Parameters [1] are set but it still don't show up with highlighted text for non-Latin characters. In general, you should not try to implement a workaround since MW should handle this situation out of the box. People might or might not ask about this, but it would be a good idea to talk to one of the responsible MW developers or sphinx developers on what reasons it could be that this isn't working as supposed to. As far I could tell from the available documentation, it is not really clear who is responsible for the MW search interface and this makes it a bit difficult to ask for specific assistance.
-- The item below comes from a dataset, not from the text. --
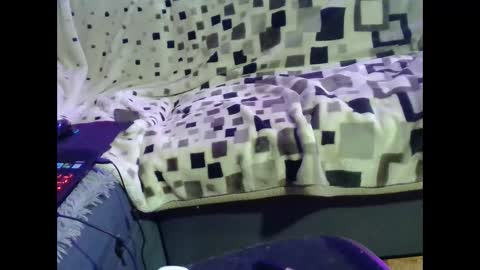 Straightfemboy online show from May 19, 7:48 pm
Anyhow you might want to consider and implement a debug function, so that in those unclear cases one has a chance to see what comes from sphinx and what goes into MW in order to pinpoint any malfunctions or misconfiguration. [1] $wgSphinxSearchMWHighlighter = true; $wgAdvancedSearchHighlighting = true;
Fixed in r96735 - search terms were not split properly. $wgSphinxSearchMWHighlighter is not used anymore, but you should probably still set $wgAdvancedSearchHighlighting to true.
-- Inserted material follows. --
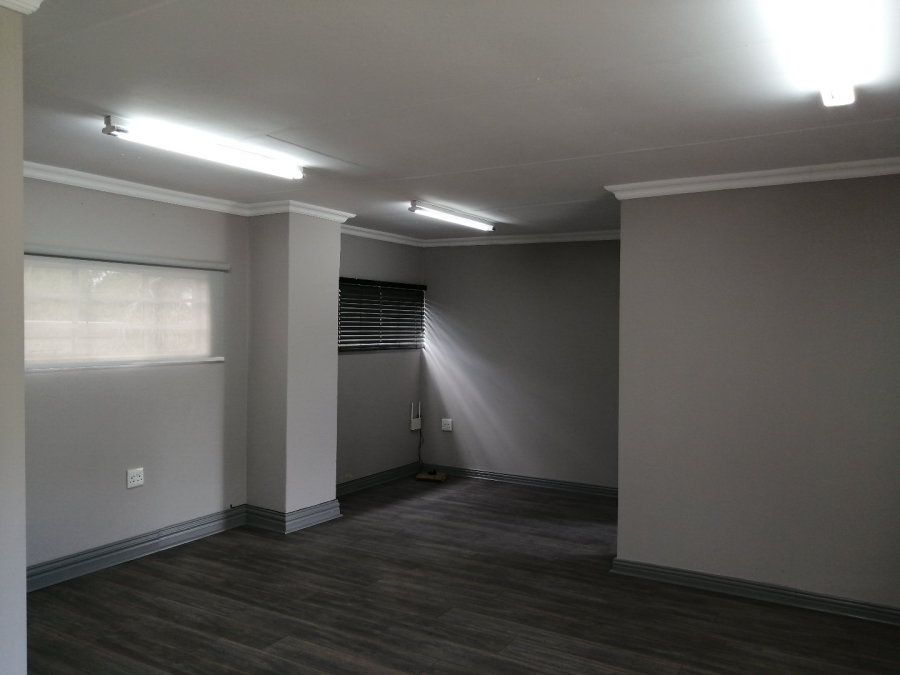 To Let commercial Property for Rent in Doorn Free State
Created attachment 9050 [details] Display of Japanese search result after r96768 changes Even with the r96768 changes, one can see that in the result display, 34 hits for the term ビジネス, but only one term is highlighted in red.
Created attachment 9051 [details] Compare highlighting after r96768 changes As seen in this attachment, highlighting has changed dramatically between r96711 (before) and r96768(after). The results are the same but the highlighting are totally different.
(In reply to comment #4) > Even with the r96768 changes, one can see that in the result display, 34 hits > for the term ビジネス, but only one term is highlighted in red. The result it does highlight is the one where term appears after non-Japanese text, which means it is probably caused by http://www.mediawiki.org/wiki/Manual:$wgSearchHighlightBoundaries - according to that page this var should be empty for CJK languages. Not sure how would that affect mixed wikis, though...
(In reply to comment #5) Is r96768 (after) screenshot with $wgAdvancedSearchHighlighting = true?
In all test cases described here $wgAdvancedSearchHighlighting = true; is set in LocalSettings.php.
It turns out the advanced search highlighting does not work well when matches are found via Sphinx. It could be something else I am doing wrong, but here is what I did for now: In r96821 I made MW highlighting optional via $wgSphinxSearchMWHighlighter again, and brought back a slightly improved version of sphinx-based highlighter. Please try these two options: 1. $wgSphinxSearchMWHighlighter = false; 2. $wgSphinxSearchMWHighlighter = true; $wgAdvancedSearchHighlighting = false;
I am resolving since there was no feedback since Sep. 2011. If it still does not work, please reopen the issue.